Copyright © 1999 Pritchard
All Rights Reserved
Copyright © 1999 CPTNet
All Rights Reserved


"There's my father-in-law's house," said my guide, pointing to a small log cabin on an island at the edge of the rain-swept English River. "All the other families had similar houses on the river. There's where we built our community hall. There's where we kept a common herd of cows. Over there we had a common cellar for storing the produce of our gardens."

We had come by boat to visit the "old reserve" of Asubpeeschoseewagong Netum Anishnabek (Grassy Narrows First Nation), 80 kms north of Kenora in NW Ontario. The Anishnabek had invited a CPT fact-finding mission to come and learn about the latest threat to their community posed by clear-cut logging. But this threat is set against a backdrop of several other traumas experienced by the community. The story of the old reserve is part of that backdrop.
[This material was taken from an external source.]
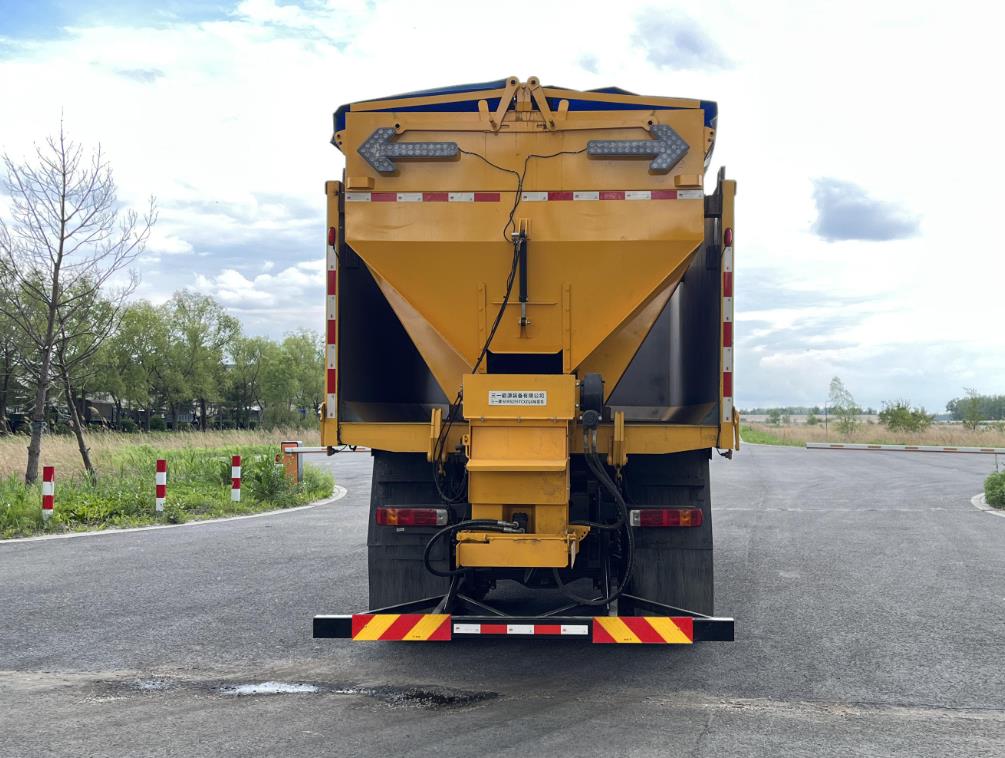 三一牌SYR5255TCXZQ6除雪車(chē)公告圖片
In 1963, Indian Agent Eric Law announced it would be "better" if the Grassy Narrows people were relocated to a new reserve five kilometres away on the road to the town of Kenora. He promised the people the "civilizing" benefits of government housing, electricity, water, sewage and a school staffed by white teachers. When the people resisted the move, he threatened to cut off their Family Allowance checks.

The Anishnabek families were relocated and, 20 years later, the "benefits" did eventually all arrive. But their community was almost destroyed. The new reserve was on a small, stagnant lake away from the big, wide-open river. The new houses were too close together and many lacked access to the water. The soil was too poor to support kitchen gardens. The Indian Agent assigned houses heedless of family ties and friendships. The road to Kenora lured many into trouble.

The people of Asubpeeschoseewagong still treasure their memories of the old reserve and the strength of its community. Some visit it frequently to tend gardens or their memories of a better time.

Indian Agent Law had insisted it was "impossible" to provide a road or school for the old reserve and so relocation was imperative. But the old-timers reply, "I say, look here...you white people built a highway right across Canada, a big highway from the Atlantic to the Pacific. You built a railroad too, coast to coast. Now tell me, why couldn't Indian Affairs build a road, just a few miles to the old reserve from the Jones Road? Why? No, they moved the whole reserve instead."